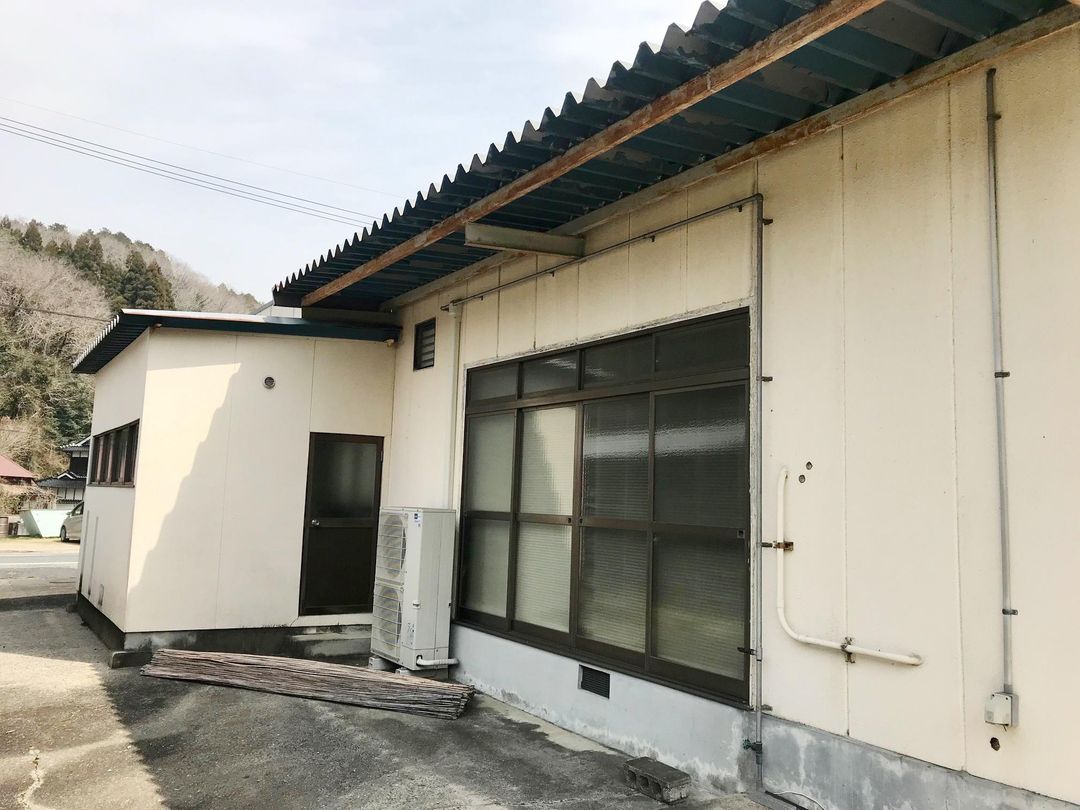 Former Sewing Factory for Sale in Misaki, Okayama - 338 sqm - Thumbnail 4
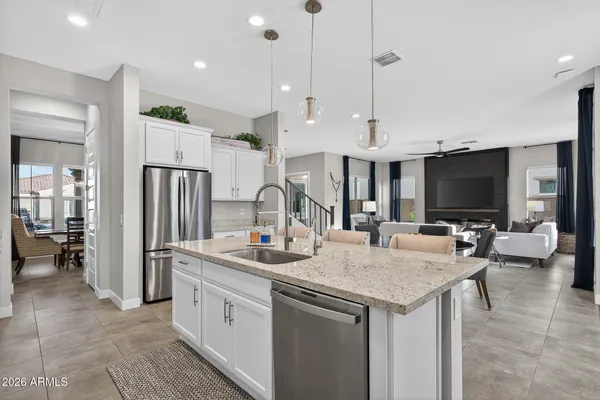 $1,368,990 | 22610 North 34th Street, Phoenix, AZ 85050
* * *
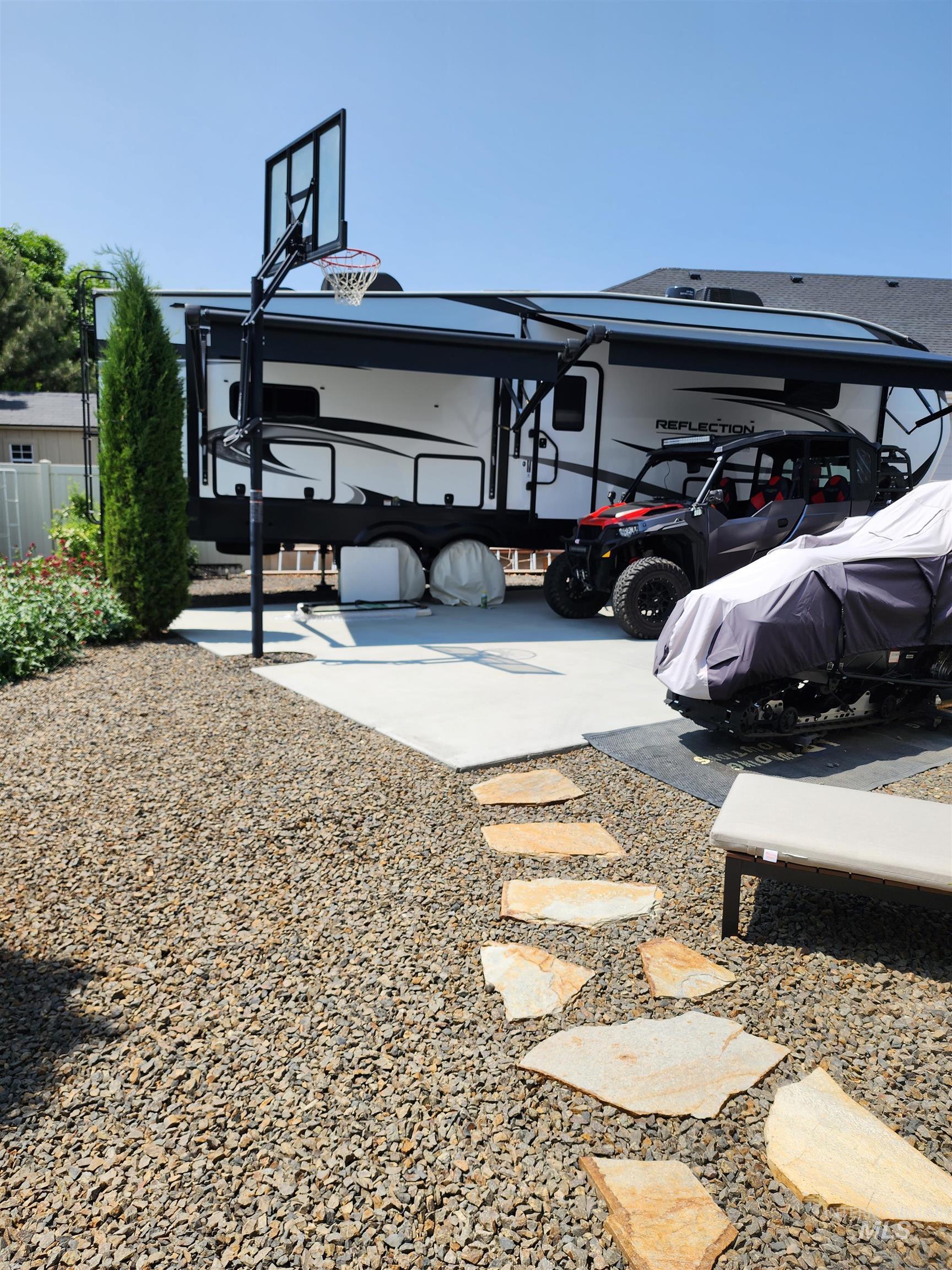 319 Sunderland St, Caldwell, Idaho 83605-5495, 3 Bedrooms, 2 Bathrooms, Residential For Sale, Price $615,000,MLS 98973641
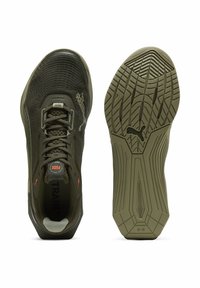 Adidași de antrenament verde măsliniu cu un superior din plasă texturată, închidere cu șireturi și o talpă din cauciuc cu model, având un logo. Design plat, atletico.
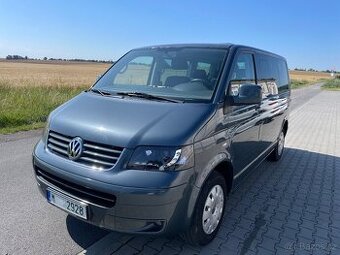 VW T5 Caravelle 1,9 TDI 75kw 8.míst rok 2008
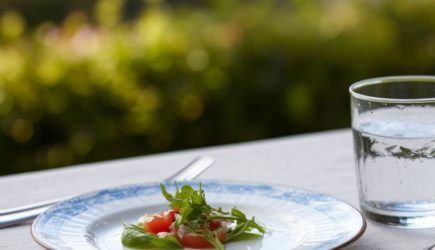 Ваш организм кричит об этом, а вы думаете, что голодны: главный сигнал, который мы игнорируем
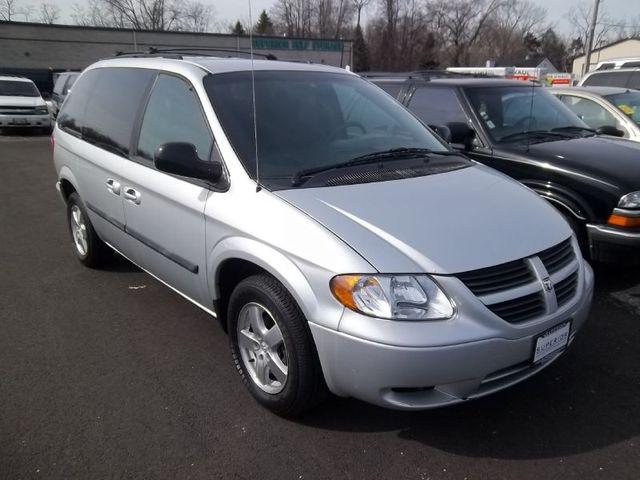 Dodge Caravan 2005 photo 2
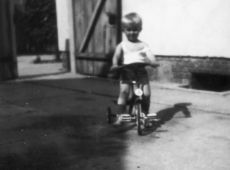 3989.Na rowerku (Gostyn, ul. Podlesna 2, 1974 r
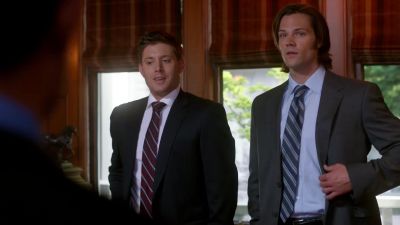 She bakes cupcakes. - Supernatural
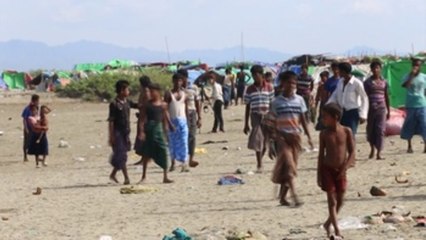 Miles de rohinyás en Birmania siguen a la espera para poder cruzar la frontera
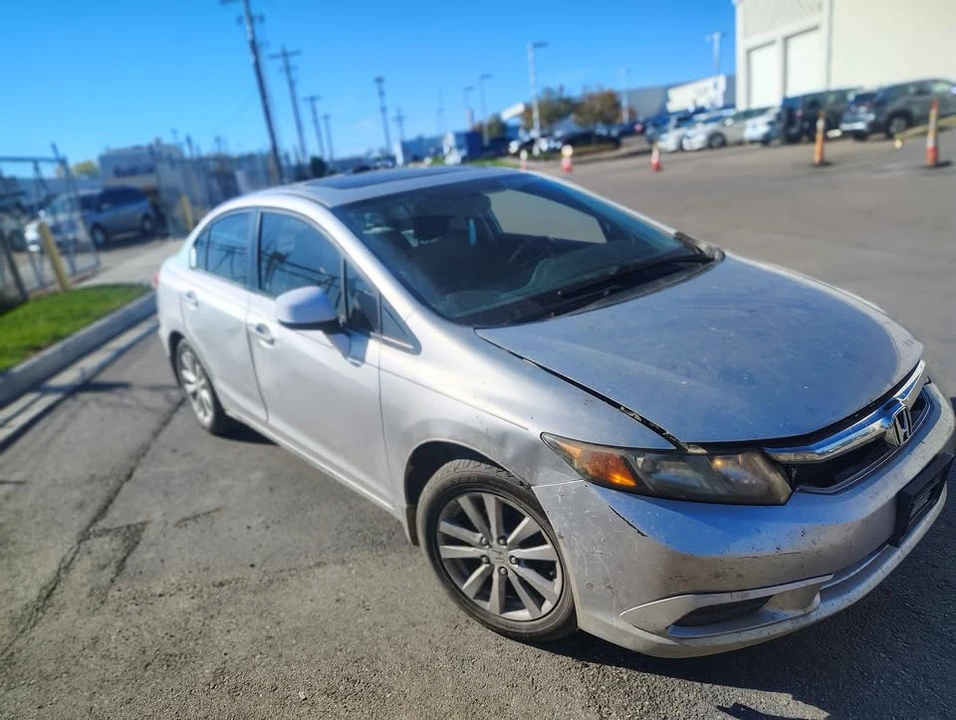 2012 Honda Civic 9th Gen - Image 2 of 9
--
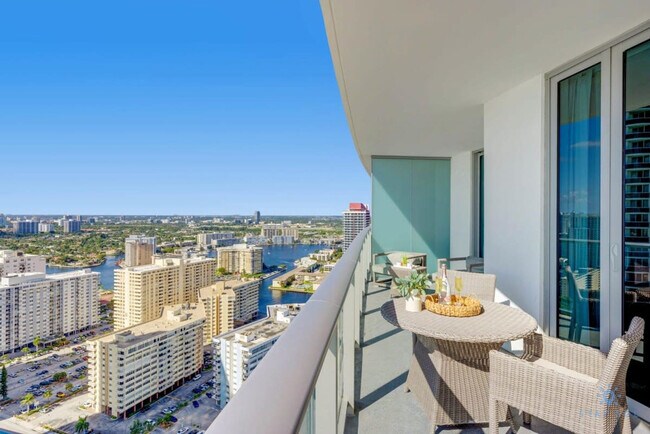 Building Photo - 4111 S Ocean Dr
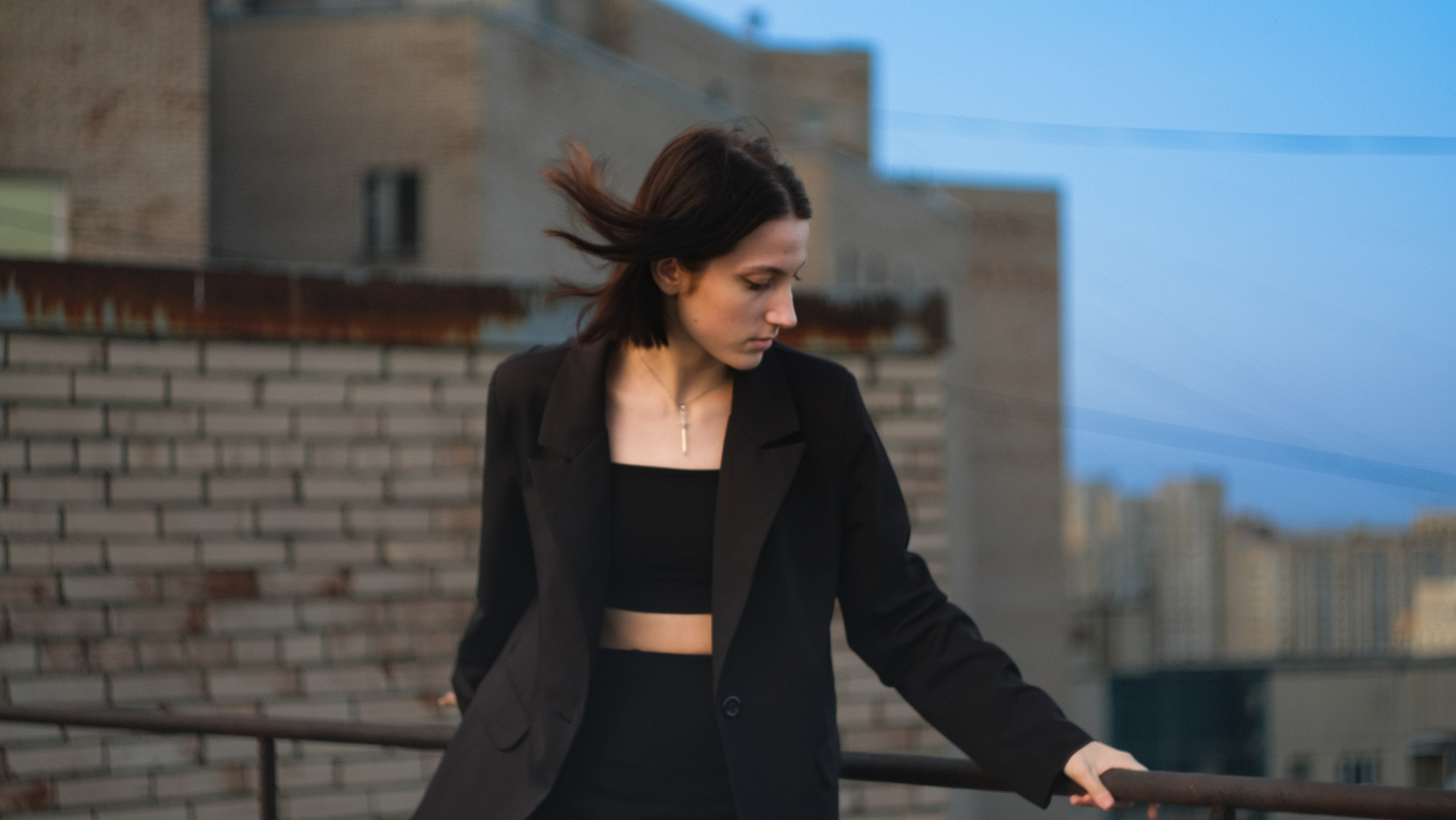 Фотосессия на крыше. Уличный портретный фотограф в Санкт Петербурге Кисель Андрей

- Requirement
Precisely those lines above that run from the line with "Building Photo - 4111 S Ocean Dr" up to and including the line with "Фотосессия на крыше." are to be set down, with the pictures omitted.

- Reply
 Building Photo - 4111 S Ocean Dr
 Фотосессия на крыше. Уличный портретный фотограф в Санкт Петербурге Кисель Андрей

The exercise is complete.